Argentine, droite dure sonnée mais pas K.-O.
La baudruche s’est partiellement dégonflée. Pronostiqué largement en tête du premier tour de l’élection présidentielle argentine, le candidat «antisystème» Javier Milei est finalement arrivé deuxième, dimanche, avec quelque 30% des voix. Le 19 novembre, il affrontera le péroniste centriste Sergio Massa (36,7%), ministre de l’Economie sortant, pour un second tour très incertain.
Ultralibéral tendance libertarienne, négationniste climatique, Milei aime la liberté de choix lorsqu’elle concerne le port d’armes ou l’usage des drogues, pas quand il s’agit du droit à l’avortement. Il a séduit en promettant d’enrayer le fléau de l’inflation par une dollarisation du pays, quand bien même l’arrimage du peso à la devise étasunienne, en 1992, avait provoqué la gigantesque crise de 2001.
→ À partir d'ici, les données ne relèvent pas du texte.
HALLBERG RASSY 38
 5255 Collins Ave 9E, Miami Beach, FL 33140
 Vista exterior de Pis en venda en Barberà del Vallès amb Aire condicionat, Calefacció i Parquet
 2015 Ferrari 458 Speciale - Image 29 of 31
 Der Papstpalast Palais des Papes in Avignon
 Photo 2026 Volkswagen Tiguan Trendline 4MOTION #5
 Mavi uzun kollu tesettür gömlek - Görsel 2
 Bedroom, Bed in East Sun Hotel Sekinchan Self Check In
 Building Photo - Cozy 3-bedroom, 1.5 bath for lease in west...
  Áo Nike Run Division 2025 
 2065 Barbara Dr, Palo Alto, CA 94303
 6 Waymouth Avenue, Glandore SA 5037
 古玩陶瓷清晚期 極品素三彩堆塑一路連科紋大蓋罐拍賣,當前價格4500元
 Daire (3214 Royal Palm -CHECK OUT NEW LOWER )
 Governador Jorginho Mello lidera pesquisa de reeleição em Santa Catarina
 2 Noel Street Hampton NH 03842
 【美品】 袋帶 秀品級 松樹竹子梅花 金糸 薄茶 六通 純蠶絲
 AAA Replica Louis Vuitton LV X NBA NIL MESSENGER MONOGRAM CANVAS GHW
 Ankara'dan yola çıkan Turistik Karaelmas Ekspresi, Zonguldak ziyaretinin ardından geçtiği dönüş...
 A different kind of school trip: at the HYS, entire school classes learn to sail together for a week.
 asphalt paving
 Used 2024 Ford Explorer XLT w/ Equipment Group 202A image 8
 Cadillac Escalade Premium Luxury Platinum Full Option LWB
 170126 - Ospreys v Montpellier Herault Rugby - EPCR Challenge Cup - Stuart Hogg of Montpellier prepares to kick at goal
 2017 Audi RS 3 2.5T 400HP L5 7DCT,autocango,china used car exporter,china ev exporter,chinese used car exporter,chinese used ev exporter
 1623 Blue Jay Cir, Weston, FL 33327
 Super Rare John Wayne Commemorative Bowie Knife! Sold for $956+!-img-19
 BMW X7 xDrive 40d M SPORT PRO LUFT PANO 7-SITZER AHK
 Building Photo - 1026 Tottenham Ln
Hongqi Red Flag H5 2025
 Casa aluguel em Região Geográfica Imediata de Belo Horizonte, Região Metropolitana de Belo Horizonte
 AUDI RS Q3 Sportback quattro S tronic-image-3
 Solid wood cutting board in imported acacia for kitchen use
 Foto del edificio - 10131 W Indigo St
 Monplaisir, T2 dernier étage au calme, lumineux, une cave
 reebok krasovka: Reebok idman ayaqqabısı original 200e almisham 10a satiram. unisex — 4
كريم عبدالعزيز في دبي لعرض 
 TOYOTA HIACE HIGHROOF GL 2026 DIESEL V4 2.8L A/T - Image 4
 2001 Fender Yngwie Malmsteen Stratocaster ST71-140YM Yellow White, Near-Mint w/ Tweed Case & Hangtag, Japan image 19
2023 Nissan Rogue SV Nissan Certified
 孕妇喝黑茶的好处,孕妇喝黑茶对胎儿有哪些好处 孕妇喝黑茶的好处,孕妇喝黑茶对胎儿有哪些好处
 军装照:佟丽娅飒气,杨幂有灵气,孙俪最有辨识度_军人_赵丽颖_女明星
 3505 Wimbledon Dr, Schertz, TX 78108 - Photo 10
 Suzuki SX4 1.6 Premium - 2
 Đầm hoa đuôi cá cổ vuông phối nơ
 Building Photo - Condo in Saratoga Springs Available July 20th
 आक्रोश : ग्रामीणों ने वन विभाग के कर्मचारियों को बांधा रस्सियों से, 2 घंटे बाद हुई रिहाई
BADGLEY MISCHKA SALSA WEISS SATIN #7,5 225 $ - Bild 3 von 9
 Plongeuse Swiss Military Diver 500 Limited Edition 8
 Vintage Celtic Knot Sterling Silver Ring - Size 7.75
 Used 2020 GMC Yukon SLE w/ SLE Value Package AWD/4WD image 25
Pour combattre la violence endémique ou le narcotrafic, il s’est posé en candidat de la mano dura policière, avec clins d’œil appuyés aux nostalgiques des militaires. Sans beaucoup d’autres réseaux que ceux des Zuckerberg ou Musk, Javier Milei a mené campagne en ligne, court-circuitant le clientélisme de certains adversaires dans les quartiers populaires, où l’on booste volontiers son taux d’adhésion à coup de choripan, le hot-dog national.
Dimanche, malgré la pauvreté montée en flèche et l’inflation (138% cette année), une majorité de votant·es aura opté pour ce qu’elle connaît déjà; même si Sergio Massa a tout fait pour se démarquer du président sortant, Alberto Fernández, et de l’ex-cheffe d’Etat Cristina Kirchner, deux figures invisibles durant la campagne. Une prise de distance qui passe aussi par un programme moins progressiste que celui du kirchnérisme.
Proche du quorum au Sénat, le péronisme est minoritaire à la Chambre basse. Sergio Massa appelle donc à une «coalition d’union nationale» pour l’emporter le 19 novembre puis gouverner, dans laquelle il rêverait d’inclure l’Union civique radicale actuellement alliée à Patricia Bullrich, arrivée troisième avec 23,8% des voix.
Ministre de la Sécurité de l’ancien président Mauricio Macri (2015-2019), elle aussi partisane d’une police toute-puissante et du libéralisme pur et dur, Bullrich déteste Massa autant que Milei. Dimanche soir, en concédant sa défaite, elle n’en a pas moins concentré ses violentes diatribes contre le péronisme, laissant de facto la porte ouverte à des négociations avec Milei. A tout juste 40 ans cette année, la démocratie argentine a rarement semblé aussi pâle.